Example: All sorts of Digital Signal Processing is very well suited for an FPGA. (Filters, FFT, feature extraction, ...) Most algorithms that run well on a GPU, can also run well on an FPGA (but not all, depends on memory subsystem usage and if floatingpoint or other bult-in features of the GPU are needed) Handling a complex Database and making complex decisions (what does these extracted features tell us?) is not that great to run on an FPGA, this is better for a CPU. What kind of processing do you have?
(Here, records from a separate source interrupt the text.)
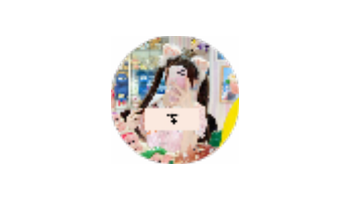 FIlesRename_tooMD5修改工具:批量文件重命名-搜源站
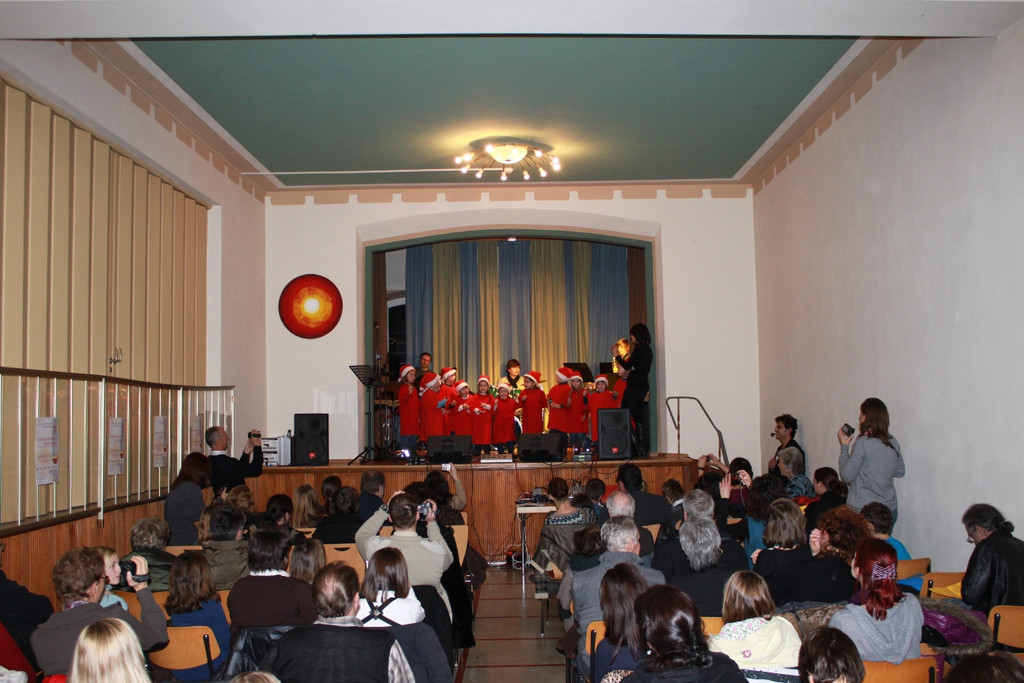 X Mas Jazz Konzert MSL _13__jpg-1292775475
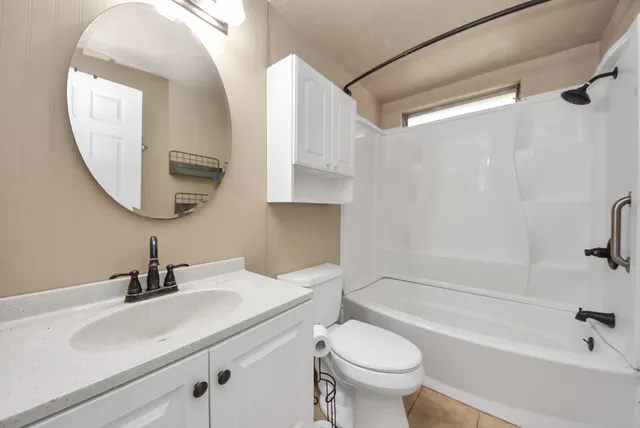 $180,000 | 10942 Autumn Lane, Cleveland, TX 77328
I am trying to sharply speedup a search algorithm involving underwater accoustic localization. So far with GPUs, I have achieved speedup of 8x, which is not enough. I want a speedup of 100x at least. I think this algorithm is suitable for an fpga speedup, but the only way to tell is by trying it on a fpga. I am also interest in using Opencl on fpgas and the Impulse C compiler. Any opinion on these tools? Thanks in advance. Resepctfully, NewpoRt_j
It is certainly possible to speed up search algorithms with FPGAs. But it's hard to say in general if such a speedup can be achieved (also depends on how much you want to spend on hardware). C to HDL Tools can at least be used for design space exploration and tell you if it is feasible.